→ **RECORDED INFORMATION**:
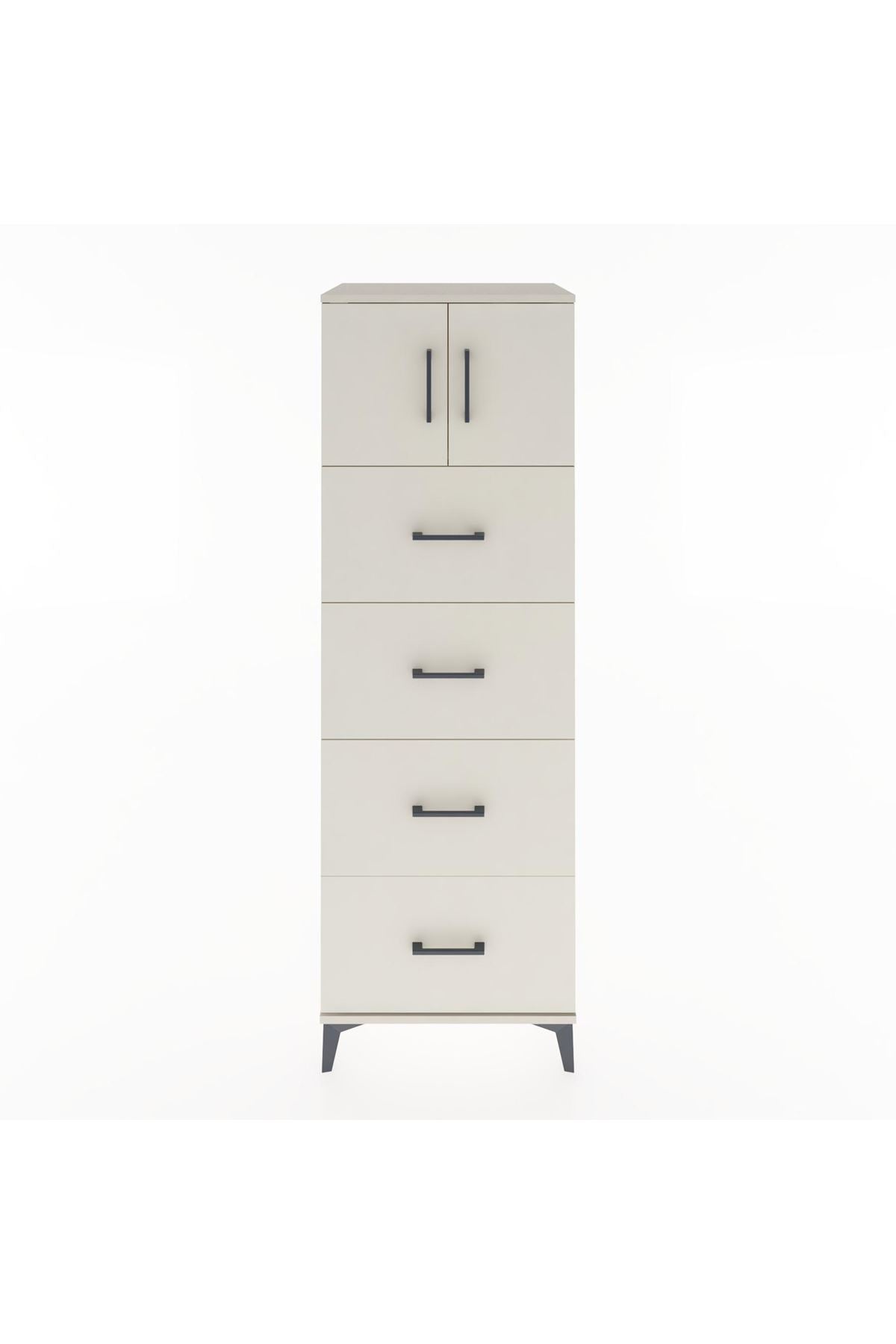 Hyperion Dolap Tek Raflı 4 Çekmeceli 2 Kapaklı 60x44x182 - S56M025V1B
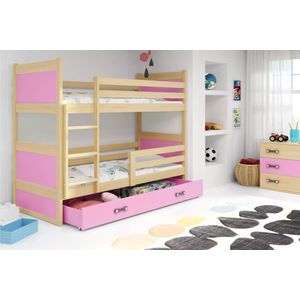 stapelbed  Rico 90 x 200 met opberglade en matrassen Licht eiken roze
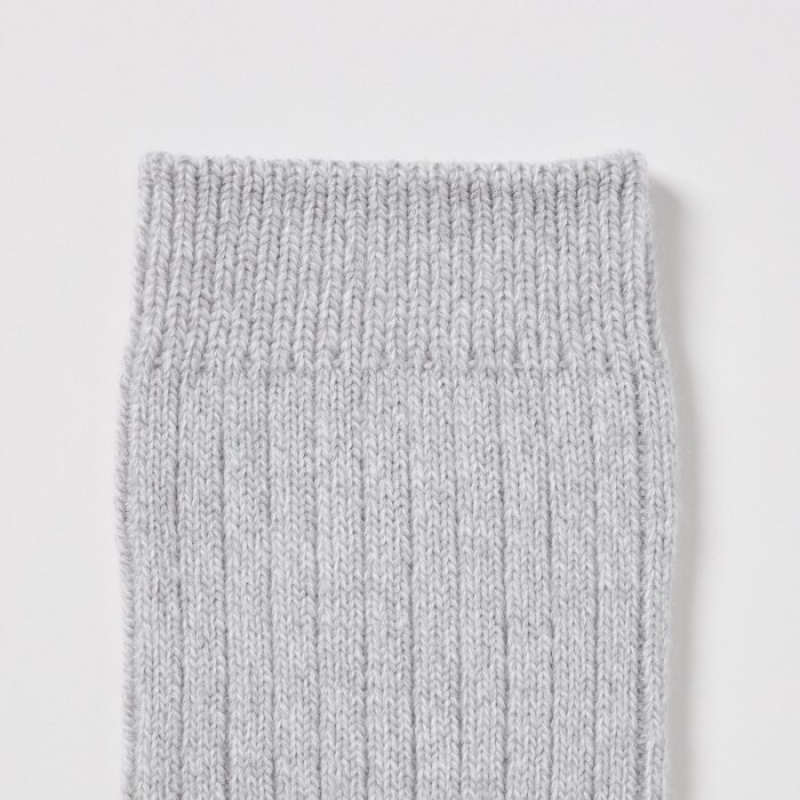 Red Uniqlo HEATTECH Ribbed Women Socks | 7092732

→ **TASK PROMPT**:
Would you give again exactly the lines from the line containing "Licht eiken roze" through the end of the listing, both ends included, without any pictures?

→ **COMPLETED EXERCISE**:
 stapelbed  Rico 90 x 200 met opberglade en matrassen Licht eiken roze
 Red Uniqlo HEATTECH Ribbed Women Socks | 7092732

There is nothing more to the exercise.